Another MLB official, speaking on the condition of anonymity because the subject is so sensitive, said the league’s formal response to a failure by the city to endorse the lease likely would be to announce that baseball was forced to “explore any and all options” for the Nationals’ future. The implication: Baseball might seek to move the Nationals, or even revive the concept of contraction, eliminating the franchise as part of a new collective bargaining agreement with the players’ union.

“The fact is, there are a number of cities that had even more generous deals on the table than we did,” Mayor Anthony A. Williams said yesterday during a radio interview on WTOP-AM. “[MLB] could potentially try to leave, and we could be out money for damages.”
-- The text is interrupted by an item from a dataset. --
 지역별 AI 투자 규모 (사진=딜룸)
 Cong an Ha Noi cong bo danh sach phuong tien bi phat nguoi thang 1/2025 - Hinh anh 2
Beyond pursuing arbitration, however, the league has revealed little about its worst-case scenario strategy. Top executives from both the league and the union declined interview requests yesterday. However, one such executive, speaking on the condition of anonymity, played down the possibility the Nationals would be contracted, citing the obvious market value of the franchise and the potential windfall its sale would bring to MLB’s other 29 owners.

“Anyone who brings up contraction [in this negotiation] is just posturing,” the official said. “They’re not going to contract. We’re not talking about the Expos anymore — losing $40 million a year in Montreal. We’re talking about a team worth $450 million, that made $10 million last year.”